- To do: Only the lines from the line containing "Uncloudy Day (Hymn)" to the end of the material belong in the copy; set them down exactly, without pictures.
────────────────────
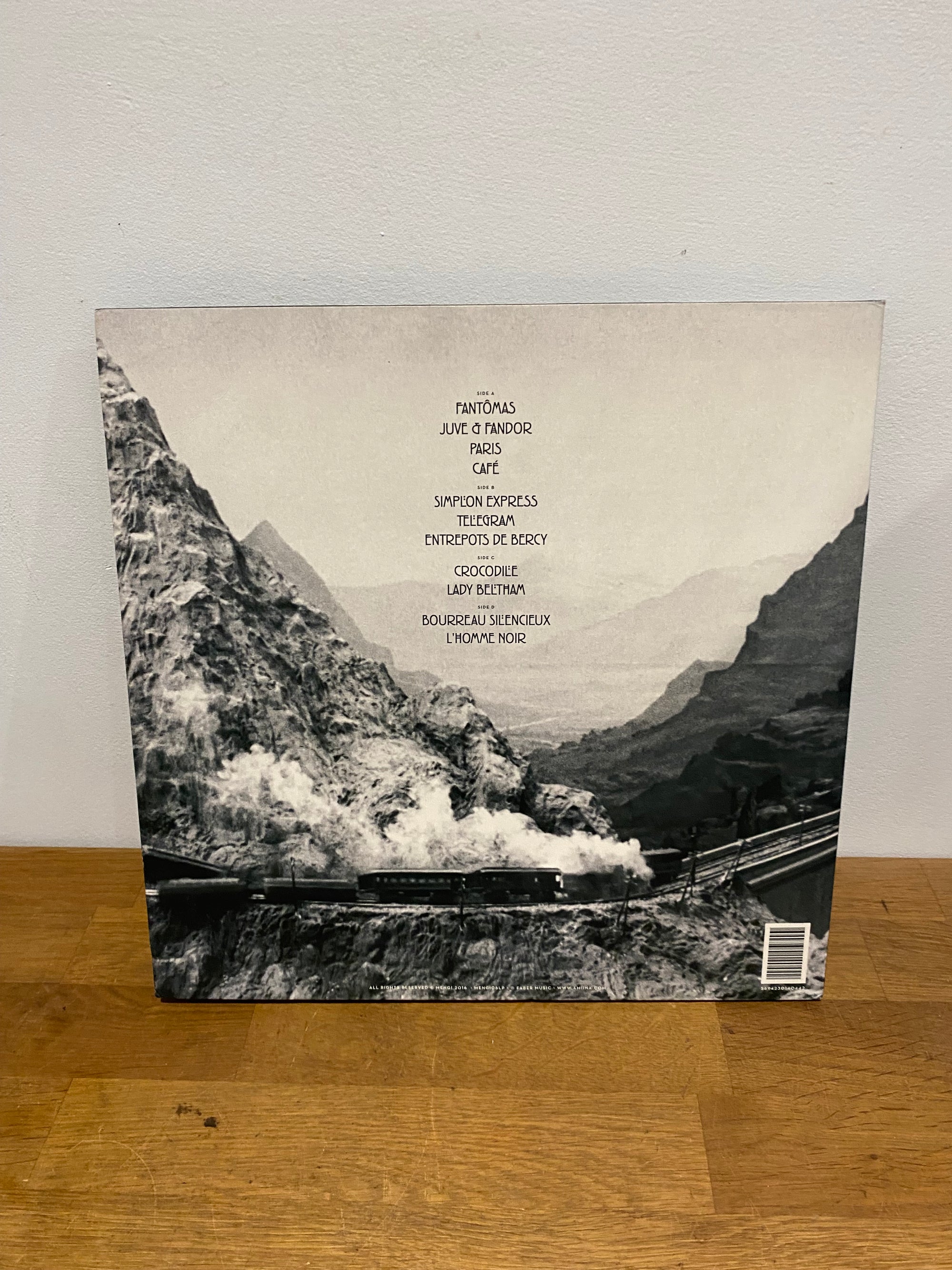 Amiina - Fantomas , double vinyl album . Signed sleeve, Mengi 2016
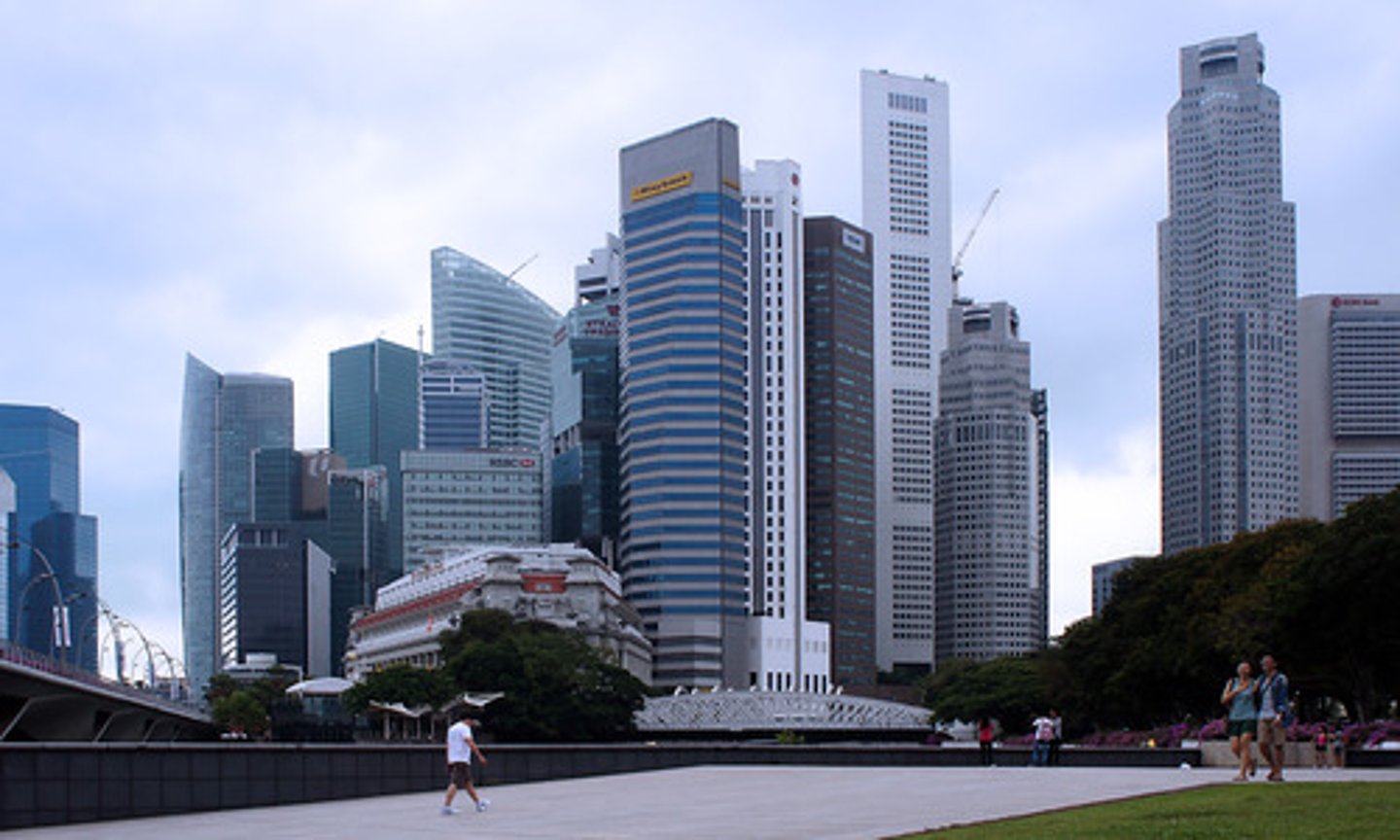 <p>The area of a city where retail and office activities are clustered</p>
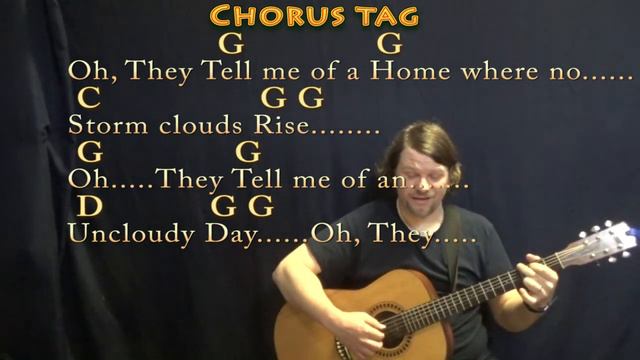 Uncloudy Day (Hymn) Fingerstyle Guitar Cover Lesson in G Major with Chords/Lyrics смотреть онлайн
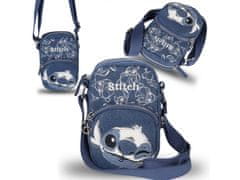 sarcia.eu Disney Stitch Džínová taška na opasek/modrá mini taška 18x6x12 cm 
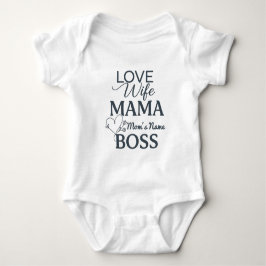 Body Para Bebê Dia das Mães - ama a mamãe chefe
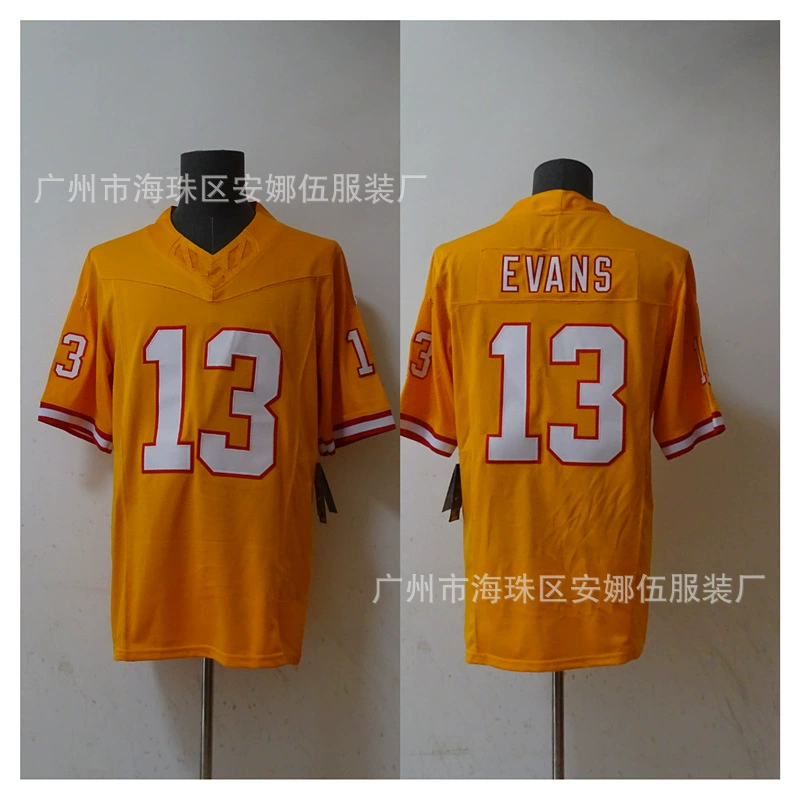 2023 новый легендарный регбийный трикотаж Buccaneers Pirates 13 # EVANS Team вышитая футболка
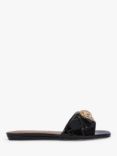 Kurt Geiger London Kensington Patent Sliders, Black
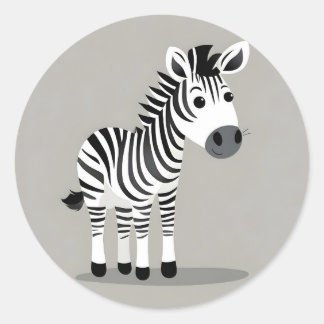 Rond Sticker simple Zebra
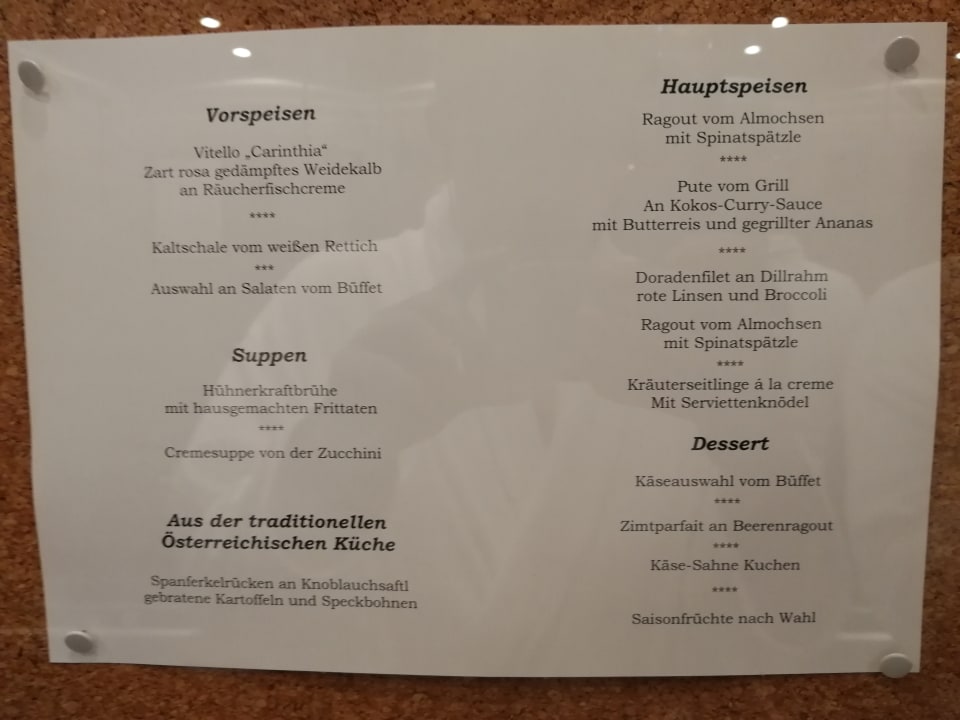 Restaurant Hotel & Spa Wulfenia Kärnten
────────────────────
- Solution to this problem:
 Uncloudy Day (Hymn) Fingerstyle Guitar Cover Lesson in G Major with Chords/Lyrics смотреть онлайн
 sarcia.eu Disney Stitch Džínová taška na opasek/modrá mini taška 18x6x12 cm 
 Body Para Bebê Dia das Mães - ama a mamãe chefe
 2023 новый легендарный регбийный трикотаж Buccaneers Pirates 13 # EVANS Team вышитая футболка
 Kurt Geiger London Kensington Patent Sliders, Black
 Rond Sticker simple Zebra
 Restaurant Hotel & Spa Wulfenia Kärnten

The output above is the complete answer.